Il y a des malentendus qui ont la peau dure. Steven Spielberg a beau être l'un des réalisateurs les plus populaires de l'histoire du cinéma, il continue d'être considéré par beaucoup comme un «money maker», un faiseur de films à succès pour la plupart infantilisants. Cela fait plus de vingt ans que la réputation du réalisateur pâtit de cette étiquette essentiellement due au carton historique de E. T. l'extraterrestre. Du coup, depuis la Couleur pourpre (en 1985 !), à chaque film étiqueté «projet sérieux», on nous ressort au mieux que Spielberg a mûri, au pire qu'il essaie de se racheter une conduite. On se rappelle déjà la polémique autour de la Liste de Schindler, en 1993, où certains gardiens de la morale dénièrent le droit au réalisateur de Jurassic Park de faire un film sur l'Holocauste, allant même jusqu'à accuser ledit film de donner dans le révisionnisme pour une scène de douche volontairement incomprise. L'été dernier, certains virent dans la Guerre des mondes un film pro-Bush, cliché critique totalement hors sujet, le sous-texte évident de la Guerre des mondes étant la peur qui ronge l'Amérique depuis les attentats du 11 Septembre.


Avec Munich *, Spielberg aborde un autre sujet épineux, celui des attentats qui ensanglantèrent les Jeux olympiques de Munich en 1972 et au cours desquels onze athlètes israéliens trouvèrent la mort. Somme toute, le metteur en scène trouve ici l'occasion de traiter sans détour le thème qui habite son oeuvre depuis déjà plusieurs films et qui se résume en une question angoissante : où va notre monde ? Cinéaste narratif par excellence, Spielberg inscrit pourtant Munich dans la lignée des thrillers et des grands films d'espionnage des années 70. Traitant l'action du commando palestinien Septembre noir dès la traumatisante scène d'introduction (où images d'archives et reconstitution se télescopent), il aborde ensuite très rapidement le coeur de l'intrigue, à savoir la vengeance d'Israël orchestrée par le Premier ministre Golda Meir et le Mossad. Une vendetta qui va conduire cinq agents israéliens à travers le monde à la recherche des coupables, et les entraîner dans une spirale de la violence irrépressible. Cette transmission de la violence et la notion de communication pervertie qu'elle induit (l'un des personnages souligne qu'Israéliens et Palestiniens dialoguent par attentats interposés) constituent le coeur du film et permettent à Spielberg de livrer un constat déchirant et très pessimiste sur les relations géopolitiques du monde actuel, qui abîment irrémédiablement les âmes des individus. Une thèse ô combien courageuse pour un film visant quand même le grand public et dont la pertinence explose à la face du spectateur lors d'un plan final, aussi marquant qu'inquiétant. Entretemps, Spielberg aura livré un grand film, certes rempli d'émotion et de suspense, mais aussi traversé d'une gravité prégnante qui fait encore son effet longtemps après la projection.

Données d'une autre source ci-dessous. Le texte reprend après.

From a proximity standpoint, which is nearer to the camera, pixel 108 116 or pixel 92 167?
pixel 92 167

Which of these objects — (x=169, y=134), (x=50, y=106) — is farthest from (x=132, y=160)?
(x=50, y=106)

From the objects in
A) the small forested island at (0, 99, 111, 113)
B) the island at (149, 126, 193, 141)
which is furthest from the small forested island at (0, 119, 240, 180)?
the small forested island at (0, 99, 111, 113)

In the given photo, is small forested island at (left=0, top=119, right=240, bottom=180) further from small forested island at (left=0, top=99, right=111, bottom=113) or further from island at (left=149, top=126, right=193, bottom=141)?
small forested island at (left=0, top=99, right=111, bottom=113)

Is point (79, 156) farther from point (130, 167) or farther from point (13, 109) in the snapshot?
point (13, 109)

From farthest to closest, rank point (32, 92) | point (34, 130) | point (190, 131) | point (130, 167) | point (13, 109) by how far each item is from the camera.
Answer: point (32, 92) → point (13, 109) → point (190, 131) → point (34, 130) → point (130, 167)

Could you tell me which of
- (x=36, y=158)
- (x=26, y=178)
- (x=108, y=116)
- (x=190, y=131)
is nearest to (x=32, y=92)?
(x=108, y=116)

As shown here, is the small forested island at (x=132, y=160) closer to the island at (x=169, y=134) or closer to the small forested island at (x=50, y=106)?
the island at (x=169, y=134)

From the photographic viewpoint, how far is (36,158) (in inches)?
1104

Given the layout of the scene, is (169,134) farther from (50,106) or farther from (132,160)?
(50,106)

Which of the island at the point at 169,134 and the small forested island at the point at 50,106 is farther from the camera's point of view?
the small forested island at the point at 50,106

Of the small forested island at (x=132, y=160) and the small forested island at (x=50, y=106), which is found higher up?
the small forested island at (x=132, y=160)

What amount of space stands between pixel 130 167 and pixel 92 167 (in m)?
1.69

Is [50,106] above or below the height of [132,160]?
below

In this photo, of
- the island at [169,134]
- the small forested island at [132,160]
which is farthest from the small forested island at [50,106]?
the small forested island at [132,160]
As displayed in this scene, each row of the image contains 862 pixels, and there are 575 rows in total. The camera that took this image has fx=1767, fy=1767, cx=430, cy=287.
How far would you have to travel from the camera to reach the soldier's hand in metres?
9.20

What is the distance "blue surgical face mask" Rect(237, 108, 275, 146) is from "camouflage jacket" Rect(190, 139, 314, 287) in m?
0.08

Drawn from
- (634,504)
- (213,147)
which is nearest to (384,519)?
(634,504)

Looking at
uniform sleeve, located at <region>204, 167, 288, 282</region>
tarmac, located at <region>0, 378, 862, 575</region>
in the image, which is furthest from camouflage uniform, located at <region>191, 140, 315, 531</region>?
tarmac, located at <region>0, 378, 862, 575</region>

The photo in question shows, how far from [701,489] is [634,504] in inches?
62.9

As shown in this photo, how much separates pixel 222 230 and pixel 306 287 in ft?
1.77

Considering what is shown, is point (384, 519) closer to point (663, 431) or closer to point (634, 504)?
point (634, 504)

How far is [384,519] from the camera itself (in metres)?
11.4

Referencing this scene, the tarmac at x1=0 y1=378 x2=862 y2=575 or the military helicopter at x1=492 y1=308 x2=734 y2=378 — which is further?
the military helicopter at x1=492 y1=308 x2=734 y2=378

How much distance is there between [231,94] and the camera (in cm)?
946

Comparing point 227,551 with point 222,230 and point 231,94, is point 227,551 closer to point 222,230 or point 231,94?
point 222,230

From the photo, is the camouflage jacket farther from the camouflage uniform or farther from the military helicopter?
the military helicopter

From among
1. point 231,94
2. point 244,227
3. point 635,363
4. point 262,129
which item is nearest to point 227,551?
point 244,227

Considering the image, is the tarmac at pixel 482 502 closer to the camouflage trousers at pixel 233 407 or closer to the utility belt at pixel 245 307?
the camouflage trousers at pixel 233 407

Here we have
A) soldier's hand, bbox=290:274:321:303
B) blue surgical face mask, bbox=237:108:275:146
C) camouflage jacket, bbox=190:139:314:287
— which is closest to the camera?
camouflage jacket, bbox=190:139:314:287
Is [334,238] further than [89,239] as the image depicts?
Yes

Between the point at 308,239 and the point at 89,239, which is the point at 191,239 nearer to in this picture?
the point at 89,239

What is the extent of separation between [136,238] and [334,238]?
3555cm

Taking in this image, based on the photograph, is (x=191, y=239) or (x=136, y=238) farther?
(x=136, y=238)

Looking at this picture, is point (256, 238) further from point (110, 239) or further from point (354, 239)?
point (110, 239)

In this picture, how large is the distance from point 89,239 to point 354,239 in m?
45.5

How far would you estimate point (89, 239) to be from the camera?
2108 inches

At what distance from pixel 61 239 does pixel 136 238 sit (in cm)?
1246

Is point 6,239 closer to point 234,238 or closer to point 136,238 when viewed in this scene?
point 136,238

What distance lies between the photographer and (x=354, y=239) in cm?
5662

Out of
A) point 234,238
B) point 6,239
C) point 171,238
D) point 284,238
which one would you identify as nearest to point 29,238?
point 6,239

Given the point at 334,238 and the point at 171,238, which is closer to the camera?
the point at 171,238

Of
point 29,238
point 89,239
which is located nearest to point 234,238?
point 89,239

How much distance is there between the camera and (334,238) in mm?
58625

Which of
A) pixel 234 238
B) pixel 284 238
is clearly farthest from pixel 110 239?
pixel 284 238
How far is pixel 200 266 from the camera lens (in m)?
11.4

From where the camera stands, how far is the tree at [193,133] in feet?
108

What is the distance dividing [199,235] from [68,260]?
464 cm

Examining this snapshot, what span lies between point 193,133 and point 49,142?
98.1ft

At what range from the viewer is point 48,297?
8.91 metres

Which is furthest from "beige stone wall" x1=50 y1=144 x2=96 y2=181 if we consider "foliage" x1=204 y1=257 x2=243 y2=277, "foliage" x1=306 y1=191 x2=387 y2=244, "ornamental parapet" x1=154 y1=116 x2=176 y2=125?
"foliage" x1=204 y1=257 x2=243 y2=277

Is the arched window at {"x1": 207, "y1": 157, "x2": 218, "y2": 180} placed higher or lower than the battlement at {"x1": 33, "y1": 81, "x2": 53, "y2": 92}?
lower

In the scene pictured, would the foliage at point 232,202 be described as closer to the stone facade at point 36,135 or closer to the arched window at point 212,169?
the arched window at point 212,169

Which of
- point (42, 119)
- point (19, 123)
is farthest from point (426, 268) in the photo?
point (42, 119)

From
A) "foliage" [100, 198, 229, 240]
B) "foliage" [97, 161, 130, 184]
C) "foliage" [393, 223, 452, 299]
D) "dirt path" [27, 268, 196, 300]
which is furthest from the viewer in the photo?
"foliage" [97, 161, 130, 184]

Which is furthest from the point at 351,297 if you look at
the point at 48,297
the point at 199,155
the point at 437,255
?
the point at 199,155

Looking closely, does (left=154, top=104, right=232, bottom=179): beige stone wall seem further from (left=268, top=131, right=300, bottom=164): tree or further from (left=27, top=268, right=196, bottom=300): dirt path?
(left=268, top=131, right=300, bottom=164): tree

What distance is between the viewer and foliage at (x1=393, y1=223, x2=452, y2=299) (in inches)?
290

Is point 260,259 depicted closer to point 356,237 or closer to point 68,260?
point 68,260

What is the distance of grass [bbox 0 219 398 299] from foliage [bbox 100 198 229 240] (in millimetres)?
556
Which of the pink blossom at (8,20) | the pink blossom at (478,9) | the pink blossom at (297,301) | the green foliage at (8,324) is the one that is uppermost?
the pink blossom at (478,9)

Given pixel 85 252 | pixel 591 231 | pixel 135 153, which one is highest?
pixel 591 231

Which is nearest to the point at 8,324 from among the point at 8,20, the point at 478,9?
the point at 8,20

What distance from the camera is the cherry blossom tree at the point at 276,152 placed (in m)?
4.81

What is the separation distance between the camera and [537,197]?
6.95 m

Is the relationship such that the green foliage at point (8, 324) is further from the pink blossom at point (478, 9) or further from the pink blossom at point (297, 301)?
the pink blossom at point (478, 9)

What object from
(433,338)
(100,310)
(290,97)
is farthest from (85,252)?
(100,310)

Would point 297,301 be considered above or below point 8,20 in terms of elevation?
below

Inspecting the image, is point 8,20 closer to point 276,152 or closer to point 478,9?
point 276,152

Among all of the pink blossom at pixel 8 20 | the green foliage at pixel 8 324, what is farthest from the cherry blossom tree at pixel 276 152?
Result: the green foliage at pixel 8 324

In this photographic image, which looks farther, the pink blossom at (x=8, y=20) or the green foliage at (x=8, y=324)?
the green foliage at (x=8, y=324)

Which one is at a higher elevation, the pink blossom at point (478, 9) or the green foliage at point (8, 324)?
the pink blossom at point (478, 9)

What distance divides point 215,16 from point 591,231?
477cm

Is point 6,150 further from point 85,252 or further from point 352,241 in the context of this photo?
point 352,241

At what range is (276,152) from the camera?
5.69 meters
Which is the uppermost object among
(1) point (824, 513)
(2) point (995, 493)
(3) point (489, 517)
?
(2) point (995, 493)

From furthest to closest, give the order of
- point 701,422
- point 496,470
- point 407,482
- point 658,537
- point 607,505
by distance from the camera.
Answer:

Hélas, encore une fois, l'incompréhension est de mise. Déjà victime de menaces de mort durant le tournage, Spielberg s'est vu cloué au pilori ces dernières semaines par une partie de l'intelligentsia internationale. L'écrivain Jack Engelhard l'a notamment traité de «rat» et d'«ennemi d'Israël» tandis que certains journalistes l'ont carrément accusé d'antisémitisme (!!!). Propos stupides confirmant, ironie du sort, le message de Munich : la paix n'est pas de ce monde. CQFD.


* Drame politique, avec Eric Bana, Daniel Craig et Mathieu Amalric.